*ASSIGNED TASK*
The answer should hold only the lines from the one containing "A vibrant Isle" through the one containing "Men's Canvas PU" in the entries below, copied exactly, without pictures.
────────────────────────────────────────
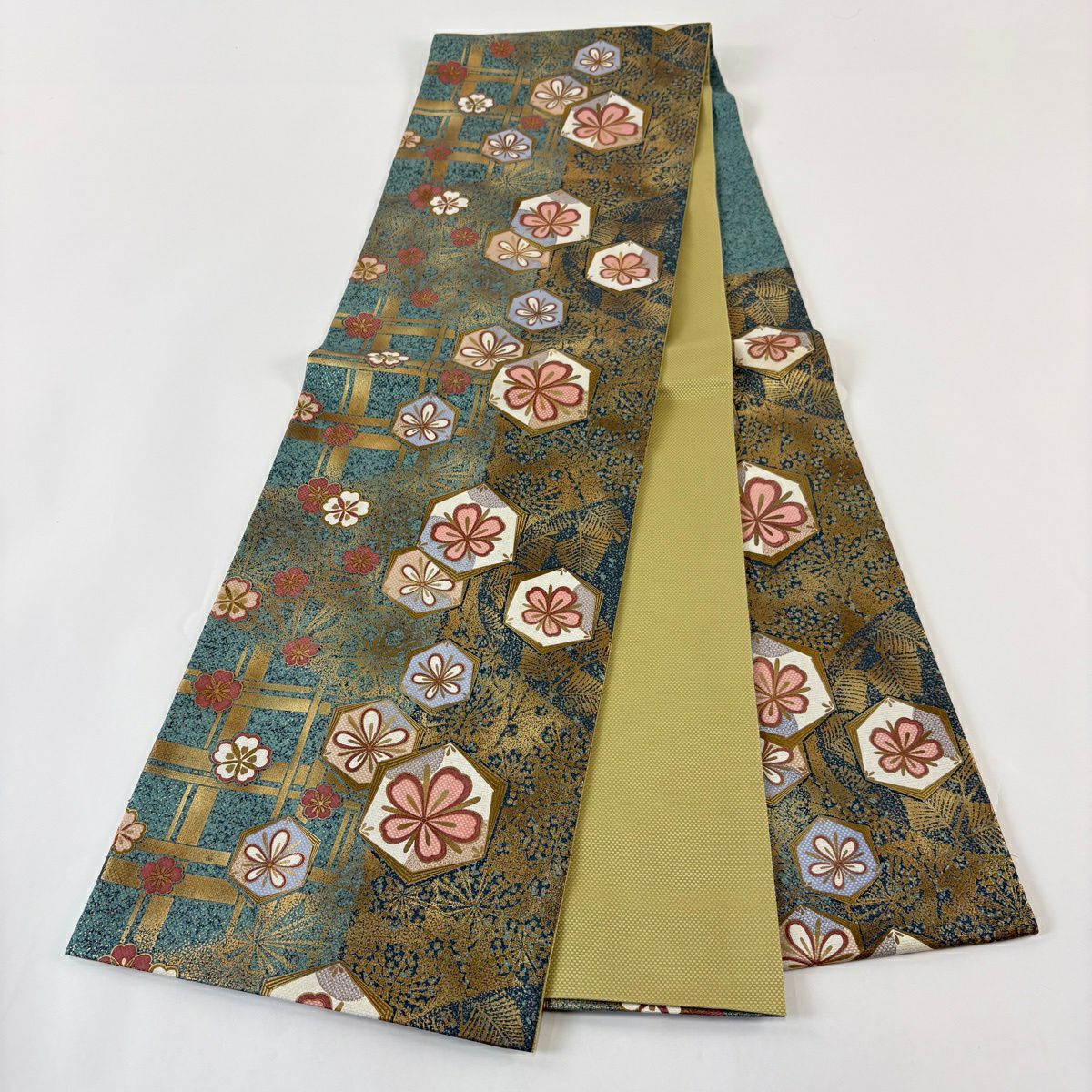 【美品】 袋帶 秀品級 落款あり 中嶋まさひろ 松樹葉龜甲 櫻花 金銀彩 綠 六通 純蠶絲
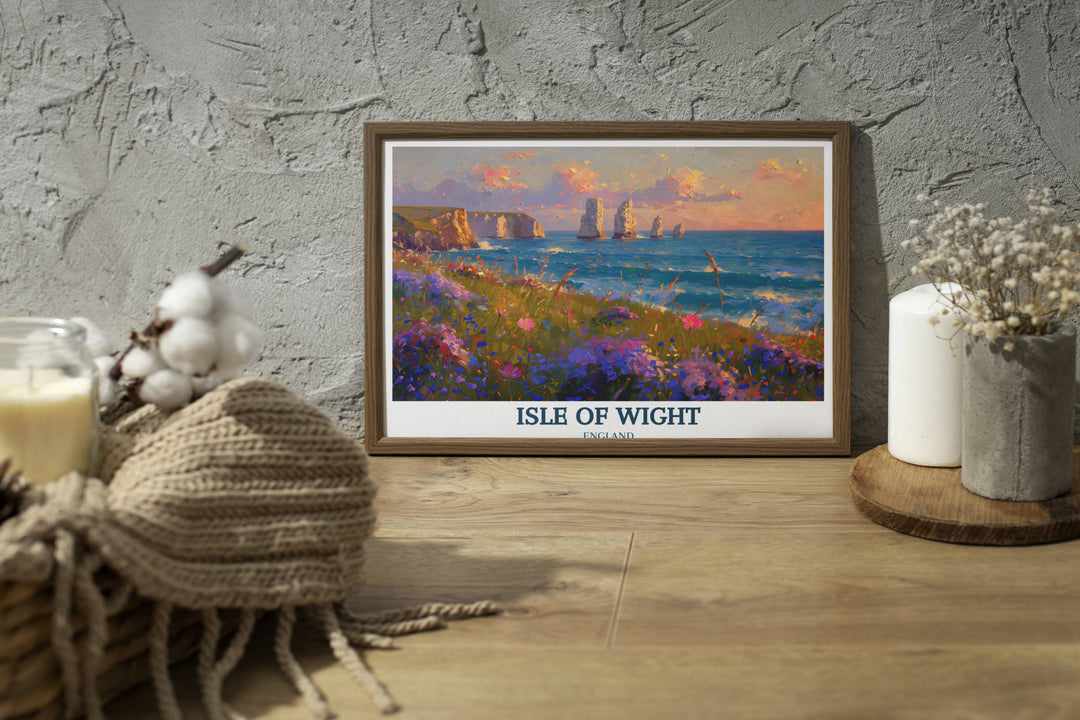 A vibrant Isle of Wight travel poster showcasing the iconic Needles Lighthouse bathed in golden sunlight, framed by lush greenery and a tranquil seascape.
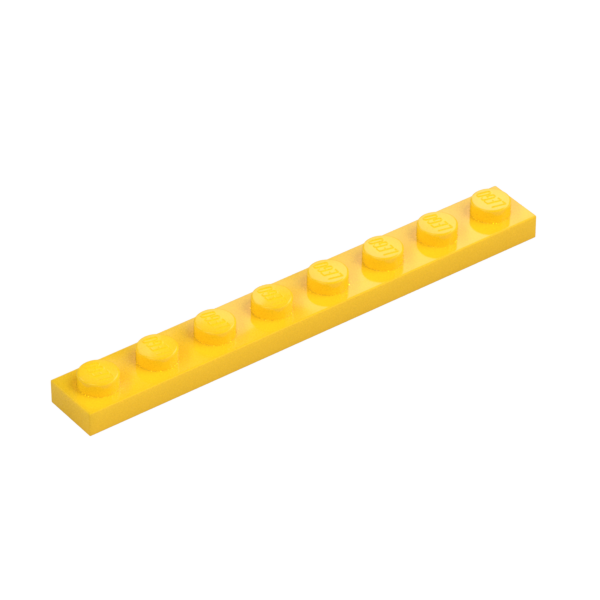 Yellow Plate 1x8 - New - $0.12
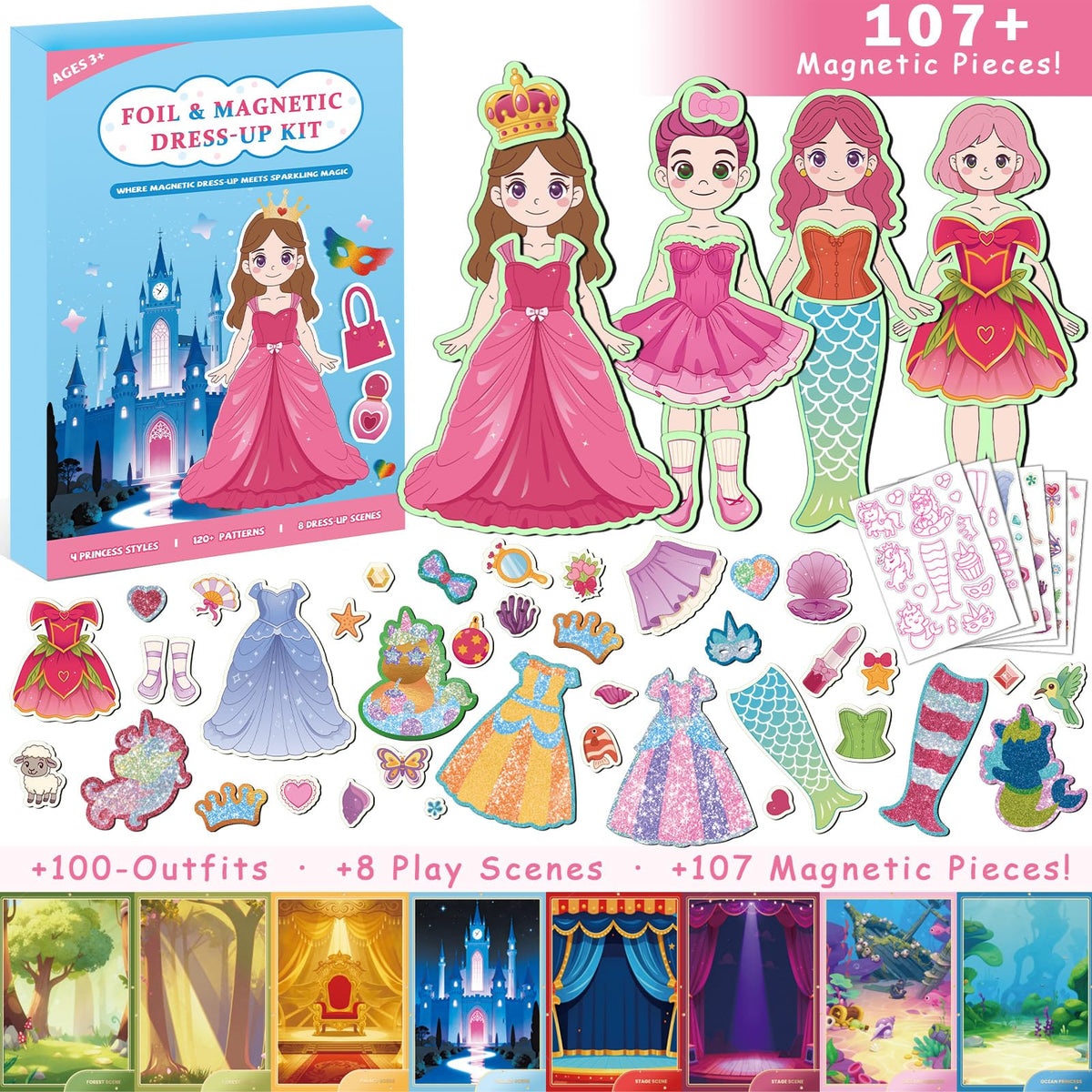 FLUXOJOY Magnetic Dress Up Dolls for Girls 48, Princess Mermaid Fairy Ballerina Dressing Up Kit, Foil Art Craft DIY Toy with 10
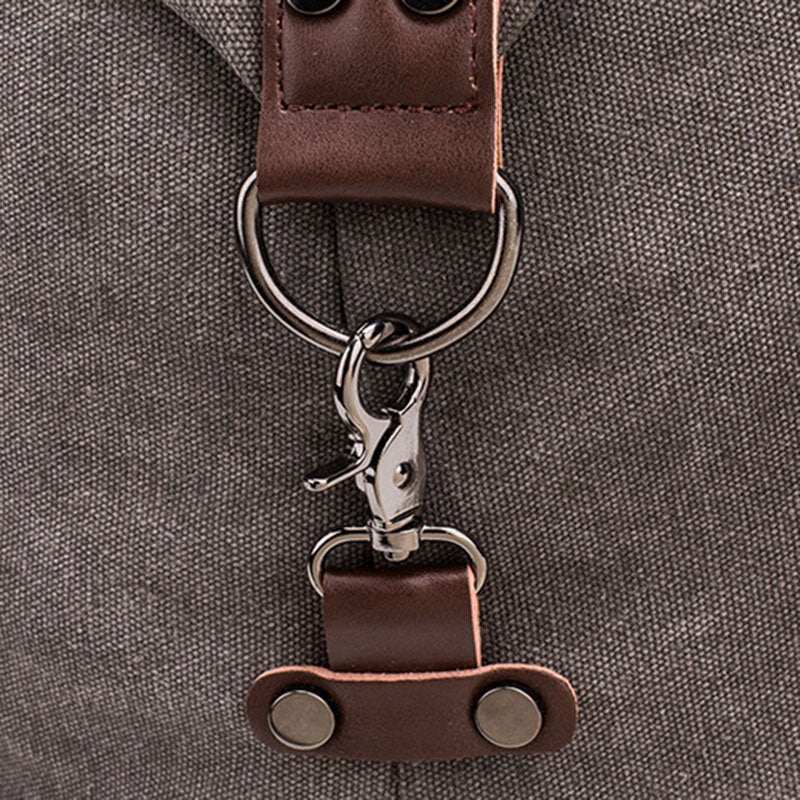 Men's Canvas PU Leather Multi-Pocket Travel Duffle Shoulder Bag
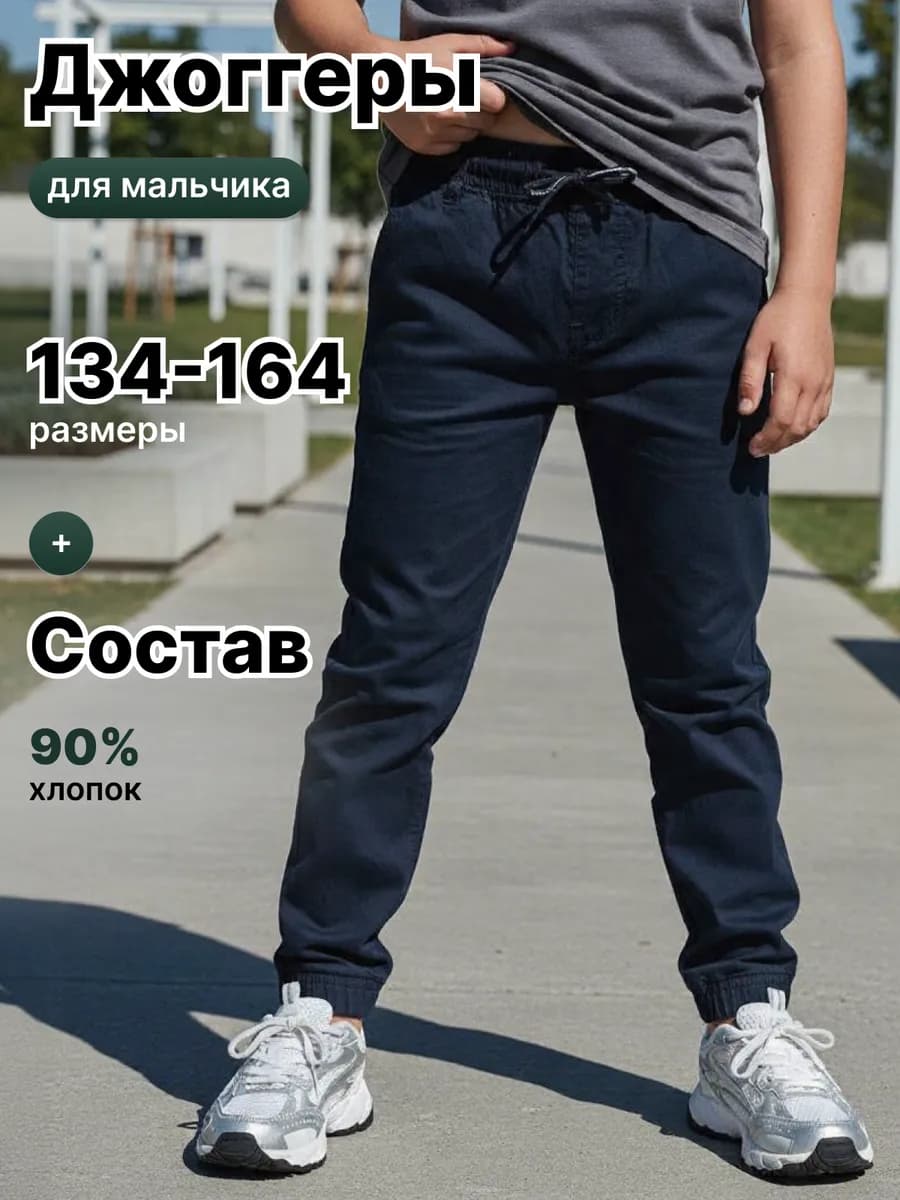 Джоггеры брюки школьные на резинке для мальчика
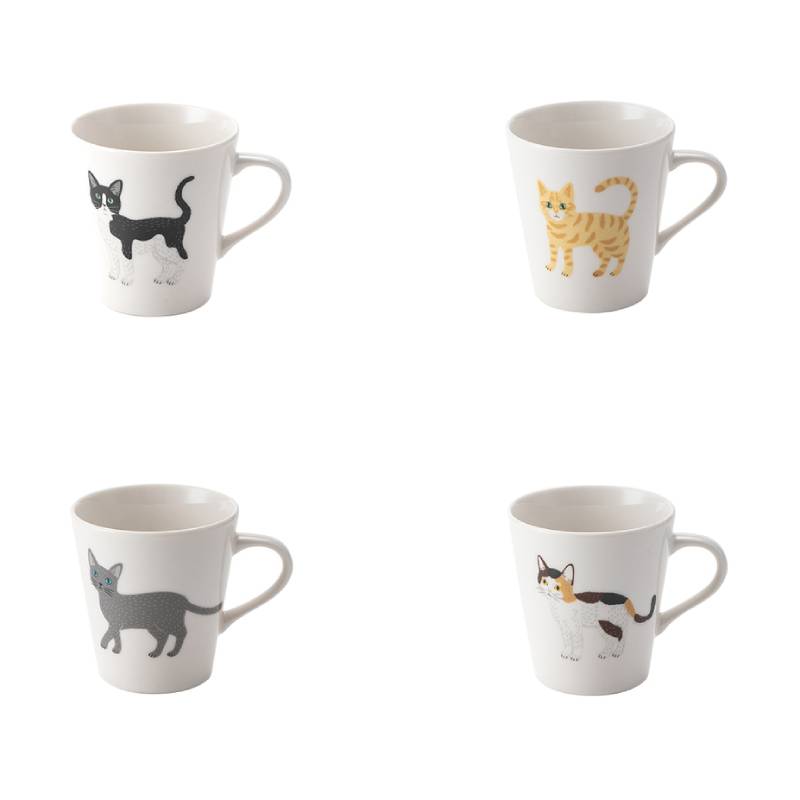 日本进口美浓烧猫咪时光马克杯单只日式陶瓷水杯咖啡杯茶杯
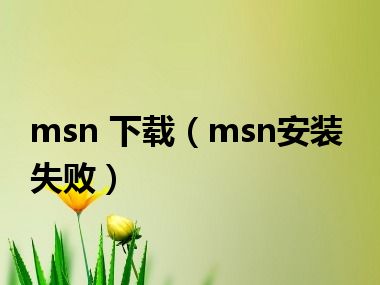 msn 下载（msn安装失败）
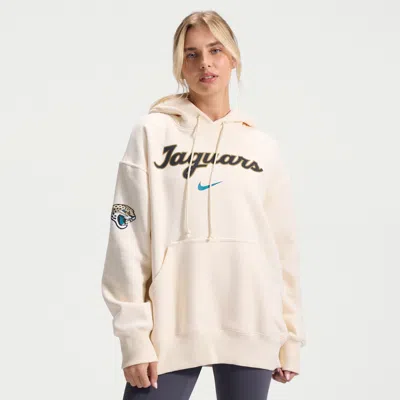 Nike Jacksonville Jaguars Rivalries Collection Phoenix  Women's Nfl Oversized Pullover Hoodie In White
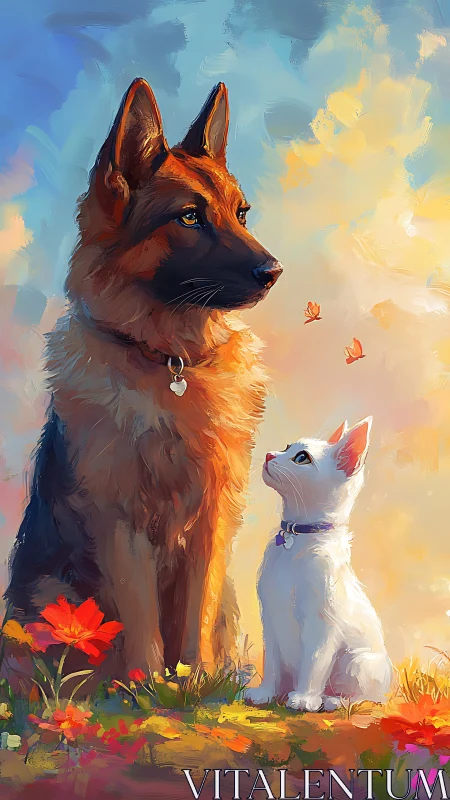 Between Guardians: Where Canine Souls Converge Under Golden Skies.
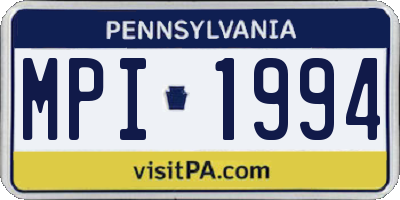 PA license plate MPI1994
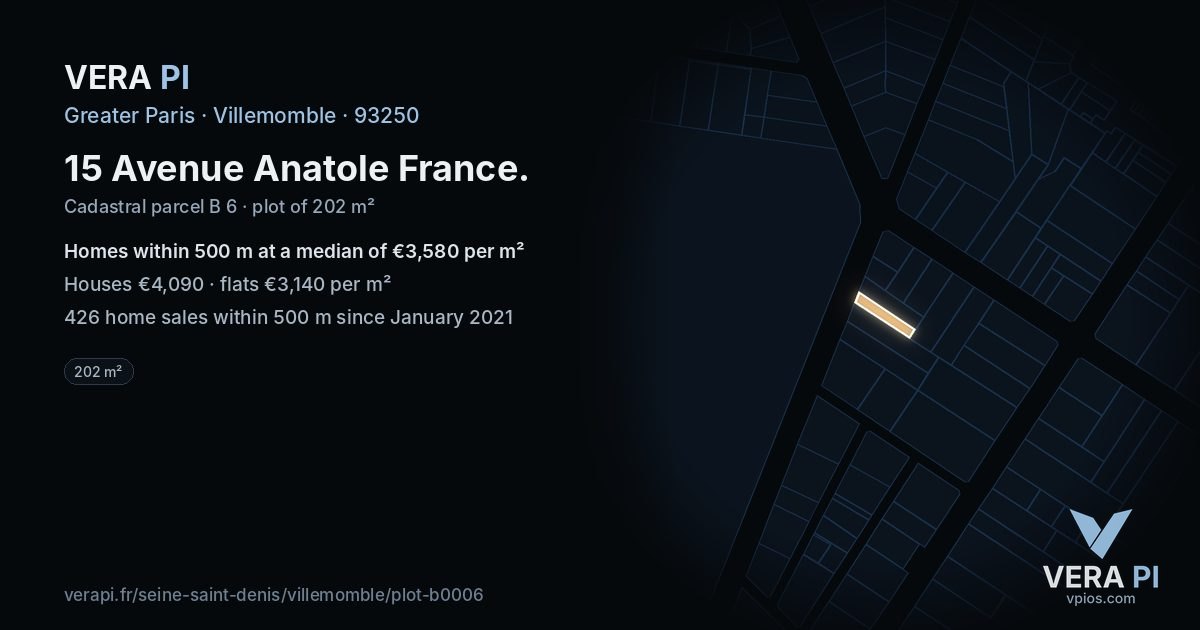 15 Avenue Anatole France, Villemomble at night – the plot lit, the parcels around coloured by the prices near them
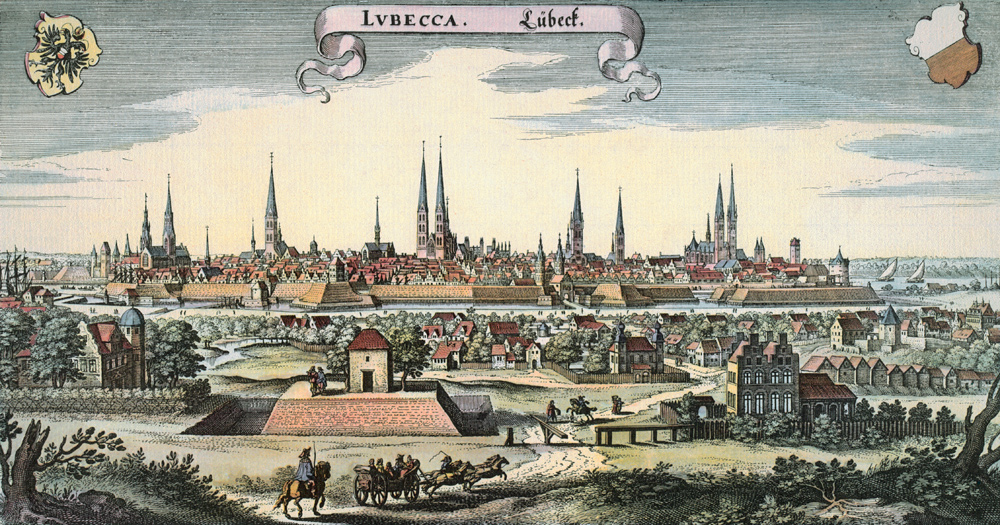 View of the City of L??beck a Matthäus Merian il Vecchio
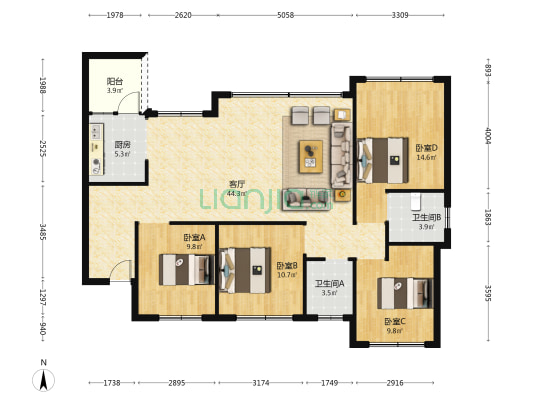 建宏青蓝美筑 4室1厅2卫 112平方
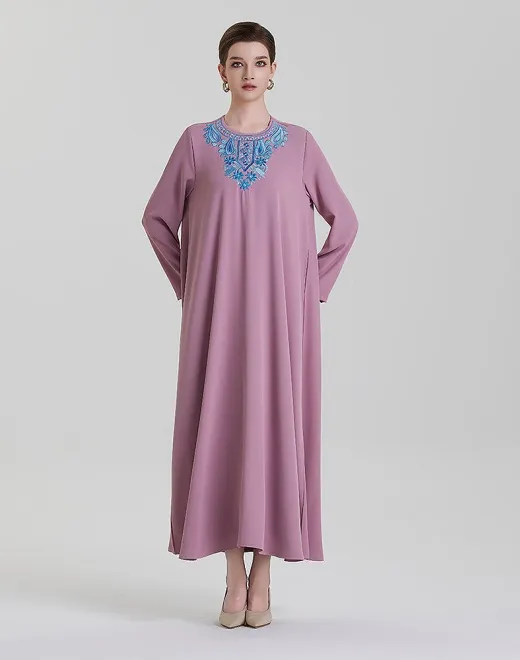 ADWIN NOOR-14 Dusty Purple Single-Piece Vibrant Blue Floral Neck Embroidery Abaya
────────────────────────────────────────
*ANSWER BOX*
 A vibrant Isle of Wight travel poster showcasing the iconic Needles Lighthouse bathed in golden sunlight, framed by lush greenery and a tranquil seascape.
 Yellow Plate 1x8 - New - $0.12
 FLUXOJOY Magnetic Dress Up Dolls for Girls 48, Princess Mermaid Fairy Ballerina Dressing Up Kit, Foil Art Craft DIY Toy with 10
 Men's Canvas PU Leather Multi-Pocket Travel Duffle Shoulder Bag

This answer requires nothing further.